Weiter steht: «Viele Schäden lassen sich mit einfachen Mitteln vermeiden, zum Beispiel mit Drahtgittern zum Schutz von Bäumen oder durch Abzäunen von landwirtschaftlichen Kulturen.» Eine Studie solle zudem den grossen Einfluss des Bibers auf die Förderung der Biodiversität festhalten. Erschienen sind die Ergebnisse der Untersuchung, die seit 2020 läuft, noch nicht.
«Mittlerweile finden wir Biber in Kläranlagen und in der Kanalisation»
Der Adjunkt Jagd vom Kanton Zürich, Jürg Zinggeler, wurde von «CH Media» zum Thema befragt.
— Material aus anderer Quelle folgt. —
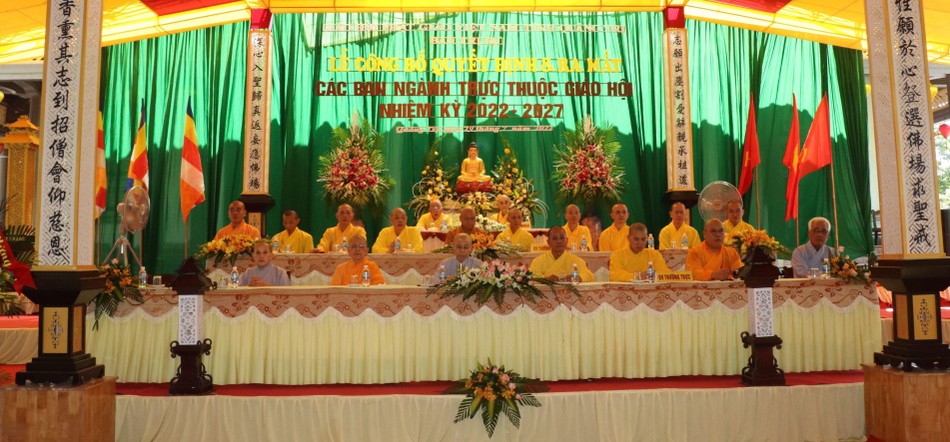 Lễ công bố quyết định diễn ra tại tổ đình Sắc tứ Tịnh Quang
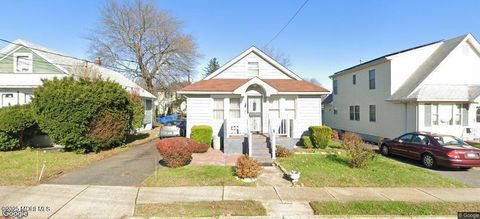 Homes For Sale - 44 Drummond Avenue<br/> Red Bank, NJ 07701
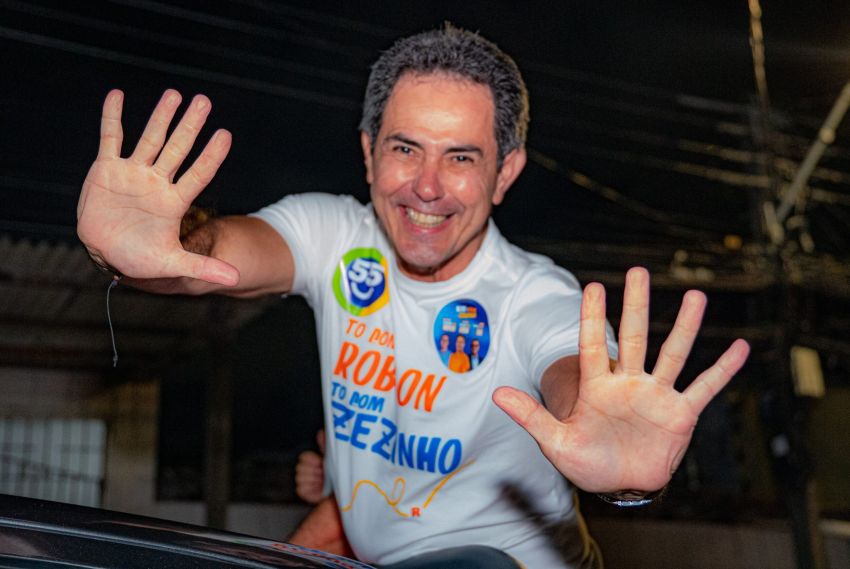 Robson Viana oficializa candidatura e anuncia apoios ao Senado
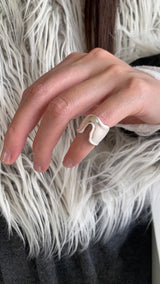 Horse shoe ring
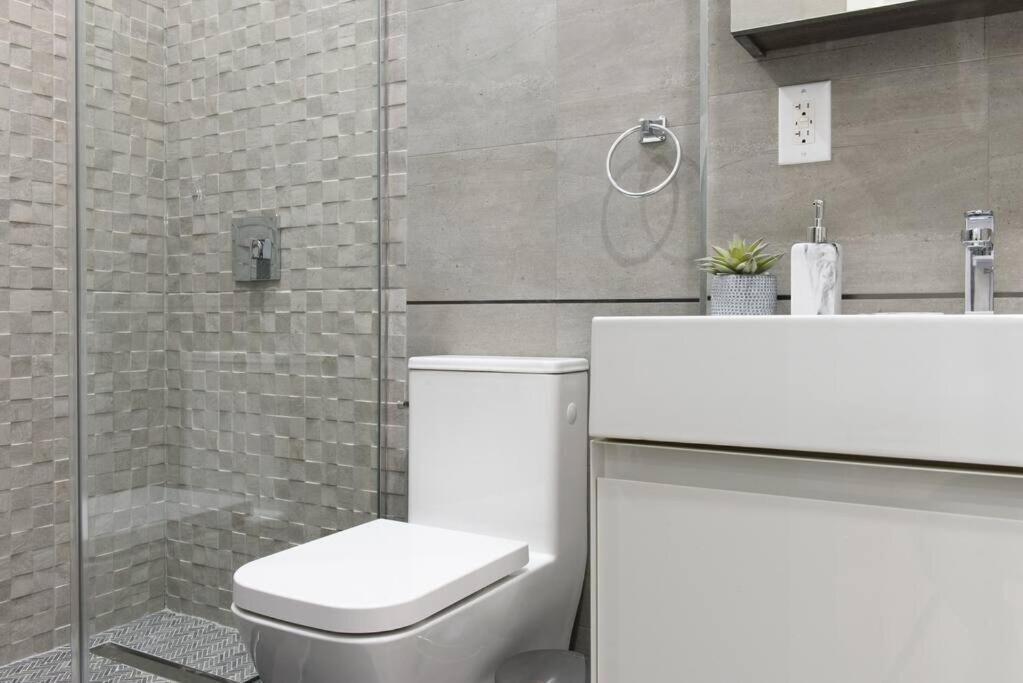 78-4d Quality 1br W&d Skylight By Park *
Was das Problem mit dem Biber sei, wo er doch eine Biodiversitätsmaschine sei. «Absolut. Der Biber sorgt gratis für Biodiversität – ein Anliegen, für das man sonst viel Geld in die Hand nehmen muss. Allerdings breitet sich der Biber in unserer – gerade im Mittelland dicht besiedelten - Landschaft aus. Das führt zu Konflikten», erklärt Zinggeler der Zeitung.
«Der Biber baut Dämme. In den zum Teil stark begradigten Bächen führt das schnell zu Rückstau in den Fliessgewässern und in den Drainagen. Dies kann zu Überschwemmungen in den landwirtschaftlichen Kulturen führen. Zudem gräbt der Biber sehr gerne. Sein Zugang zum Bau ist immer unter Wasser. So können Flurwege entlang von Fliessgewässern einstürzen oder sogar Kantonsstrassen gefährdet sein.»
Schäden in der Höhe von 15’000 Franken
Heute leben laut Bundesamt für Umwelt rund 4900 Biber in der Schweiz. Und die Biberpopulation ist dreimal grösser als 2008. Das Problem ist aber, so sagt Zinggeler zu «CH Media» , dass die optimalen Lebensräume weitestgehend besetzt seien. Der Biber müsse in suboptimale Lebensräume ausweichen. Mittlerweile fänden sich Biber in Kläranlagen und in der Kanalisation.
Abschiessen ist aufgrund der aktuellen gesetzlichen Grundlagen nicht vorgesehen. Bisher war der Biber geschützt. Dabei ist der Kanton schadenersatzpflichtig gegen über Schäden, die Wildtiere an Wald, landwirtschaftlichen Kulturen und an Nutztieren anrichten. Konkret, so erklärt Zinggeler: Wenn der Biber durch seine Stauaktivität ein Feld unter Wasser setzt und der Bauer eine Ertragseinbusse hat, wird das entschädigt.
2023 verursachte der Biber im Kanton Zürich in landwirtschaftlichen Kulturen Schäden in der Höhe von gut 15’000 Franken. «Verglichen mit der Gesamtschadenssumme durch Wildtiere im Kanton Zürich von rund 450’000 Franken ist das nicht sehr viel. Alleine die Wildsauen verursachten Schäden von rund 300’000 Franken», präzisiert der Adjunkt Jagd vom Kanton Zürich.